包括本地和远程 javascript 库

Question

I'm using jsSHA 1.3.1 which I downloaded here and used in learning project on my localhost. It gives a slightly different result than the copy I got by referring to the remote as follows:

<script src="https://raw.github.com/Caligatio/jsSHA/master/src/sha1.js"></script>

The remote copy works well for me, now, thanks to this excellent answer by @Andreas here .

But it leaves me with a new question: what's the rationale for including a copy vs. referring to a remote js library? Is it like 'vendoring' the library, insulating my app from subsequent changes in the code?

Answer 1

If your application is available on the WWW, you should consider using a well-known external URL.

---

<script type="text/javascript"
   src="http://ajax.googleapis.com/ajax/libs/jquery/1.8.0/jquery.min.js">
</script> 

This example below gets the minified version of jquery 1.8.0 from google's servers.

---

• The benefit obtained by this method comes from caching:

• You do not want the first visit a potential user makes to your website to be slow and disappointing. If your first-time visitor has visited my site which uses this URL for jQuery, her browser will probably have cached it so it will not need to load it.

• Using immutable versioned resources (jquery/1.8.0 instead of something like jquery/current) both helps developers not have to track down breaking changes in their production code and ensures that these resources can be cached.

• If the resource has to be downloaded and the URL is hosted on a CDN you are likely to get lower latency as the resource will probably be loaded from a server closer to the user's network. The URL in the example is hosted on Google Hosted Libraries which is a CDN. See https://developers.google.com/speed/libraries/devguide for more information.

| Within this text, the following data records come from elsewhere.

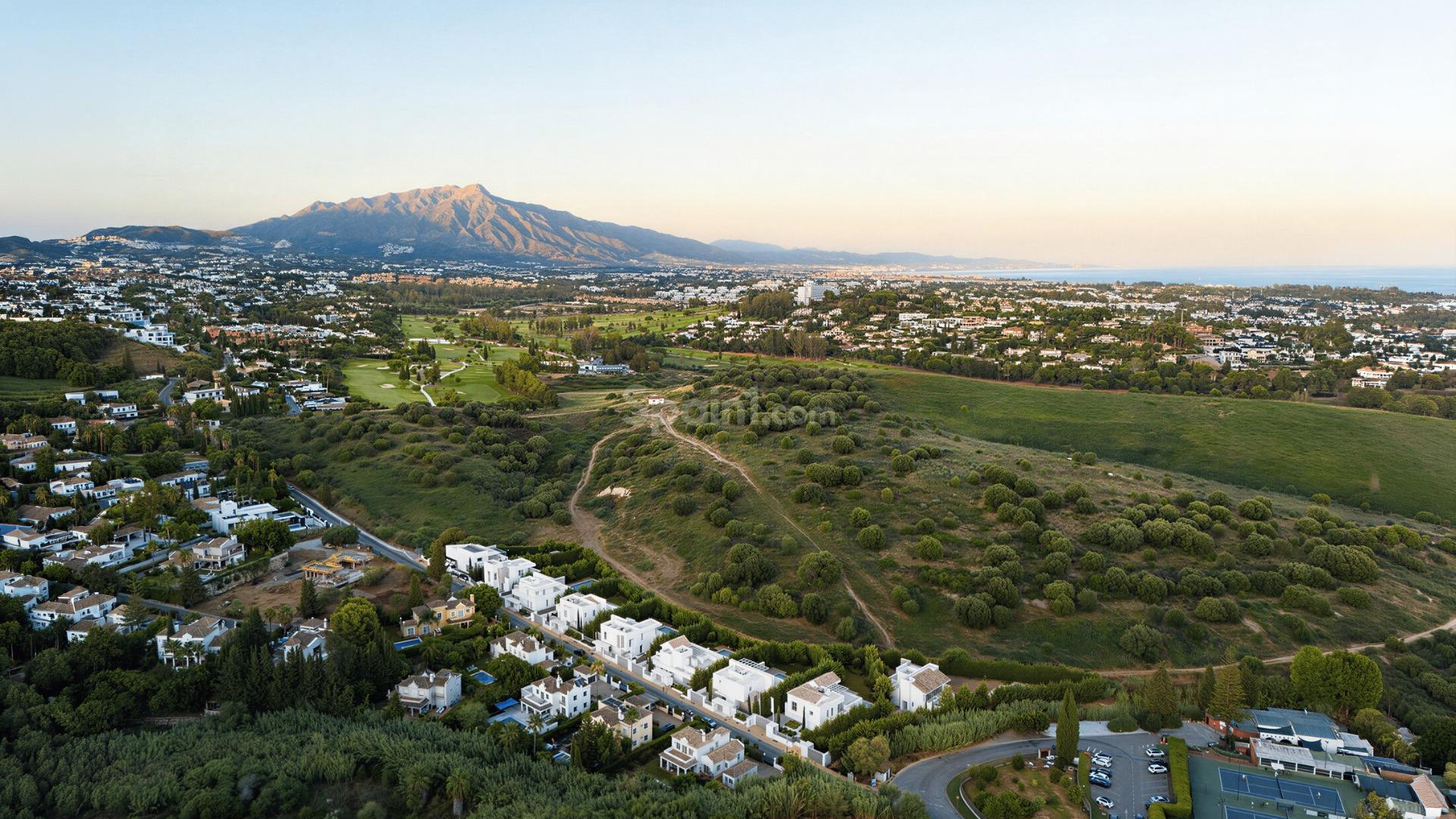 New Build - Villa -
Estepona - Paraiso Alto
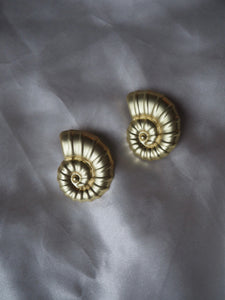 Pendientes caracola - Edición limitada - Latón baño oro mate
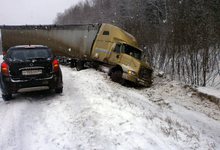 На трассе «Вятка»  автобус и «легковушка» столкнулись с фурой: 6 человек погибли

• Another argument often seen in such discussions is that when the resource has to be downloaded, you will be able to get better client-side resource loading parallelism if the resource is not on your own servers together with 10 more resources your page includes because browsers limit themselves to loading up to a small number (6 or so in modern browsers) of resources form the same server.

• If your internet-wide web application is security-critical, you must keep control of as much of it as you can securely manage (and static immutable or nearly immutable resources are relatively easy to manage securely).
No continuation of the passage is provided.